Dalam keputusasaan, seorang pria berjalan tergesa-gesa. Saya mengejarnya dan bertanya mengenai makam sang penyair. ”Tahukah kamu makam…,” kata saya. Sebelum sempat saya mengakhiri ucapan, pria itu langsung menyahut, ”Saya tahu! Kamu mencari Sylvia Plath! Ayo saya tunjukkan,” katanya.
”Bagaimana kamu bisa tahu saya mencari makam sang penyair?” tanya saya sambil berjalan membuntutinya. ”Saya tinggal di dekat sini dan sering bertemu orang yang berziarah,” ujarnya.
Pria itu menunjukkan makam Sylvia yang berada sekitar 50 meter di depan pintu gereja. Lokasinya ternyata berbeda dari tempat sebelumnya saya mencari nisan. Pantas saja tidak ketemu, kata saya dalam hati.
Sylvia plath merupakan penulis yang menerbitkan puisi pertamanya pada usia delapan tahun. Dalam karya-karyanya, penyair, novelis, dan cerpenis itu mengeksplorasi pengalaman hidupnya dalam keterasingan dan kesedihan, terutama karena mengalami masa kecil traumatis dibawah asuhan ayahnya, Otto Plath. Penyair yang melahirkan karya, antara lain Daddy, Lady Lazarus, dan novel The Bell Jar, ini tumbuh dengan tantangan depresi. Saat itu, isu kesehatan mental masih menjadi barang langka dan tabu untuk dibicarakan.
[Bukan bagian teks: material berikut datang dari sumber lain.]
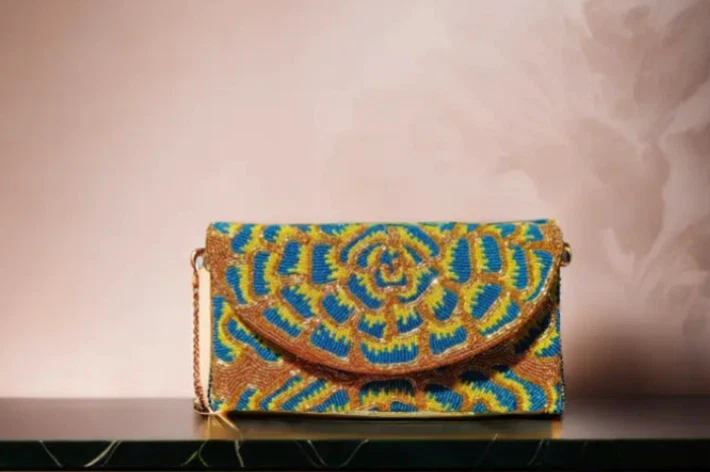 Bolso sin asas de noche con flores, bolso sin asas de lujo con cuentas, regalo estilo Mary Frances para ella Foto 3 de 4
Berkali-kali Sylvia dirawat di rumah sakit jiwa karena kondisinya.
Plath pindah ke Inggris untuk menempuh pendidikan di Newnham College, Cambridge, dengan beasiswa Fulbright. Ia kemudian menikah dengan penyair Inggris, Ted Hughes, dan dikaruniai dua anak. Pasangan itu berpisah pada tahun 1962 setelah sang suami, Hughes, berkencan dengan perempuan lain.
Di tengah tantangan demi tantangan hidup, Plath mencapai kesuksesan di bidang akademik, sosial, dan artistik, tetapi ia harus membayar mahal kesuksesan dengan gangguan depresi. Berkali-kali ia mencoba bunuh diri.
Pengalaman hidup yang pahit dan sikapnya yang perfeksionis dinilai memperparah kondisi. Setelah menemukan fakta sang suami menjalin hubungan dengan perempuan lain, Plath mengakhiri hidupnya sendiri. Pada 11 Februari tahun ini merupakan 59 tahun Plath mengembuskan napas terakhir.
Di dekat makam Plath, saya mengenang kembali tulisannya. ”How frail the human heart must be—a throbbing pulse, a trembling thing—a fragile, shining instrument of crystal, which can either weep or sing.” (Betapa rapuhnya hati manusia—nadi berdenyut, benda bergetar—instrumen yang rapuh dan bersinar kristal, yang bisa menangis atau bernyanyi).
Sejujurnya, tidak ada yang istimewa dengan makam itu. Bentuk nisannya menyerupai nisan lain yang ada di sisi kiri dan kanannya. Saya cukup terkejut melihat makam penyair ini diperlakukan biasa-biasa saja. Kalau di Indonesia, makam tokoh ternama pasti sudah diperlakukan luar biasa.
Satu-satunya yang berbeda, di makam Plath adalah terdapat bunga-bunga segar dari penggemar yang menziarahi makamnya. Kesederhanaan nisan ini justru mewakili karakter Sylvia Plath yang dekat dengan pembaca. Karya-karyanya juga mewakili pengalaman manusia yang penuh suka dan duka.
Putri Kanesia, salah satu pengunjung menuturkan, mengunjungi Hebden Bridge bisa menyegarkan pikiran. ”Kota ini damai banget, sepi dan tenang. Penduduknya juga ramah-ramah,” kata mahasiswa jurusan LLM International Human Rights Law di University of Essex ini.
Memasuki lingkungan pemakaman, Putri mengatakan merasa takut karena sepi. Namun, suasana horor langsung hilang begitu masuk ke dalam gereja yang kecil dan nyaman. Selain itu, ia merasa puas bisa nyekar di kuburan penyair terkenal. ”Kapan lagi jalan-jalan sambil wisata sejarah?” ujarnya.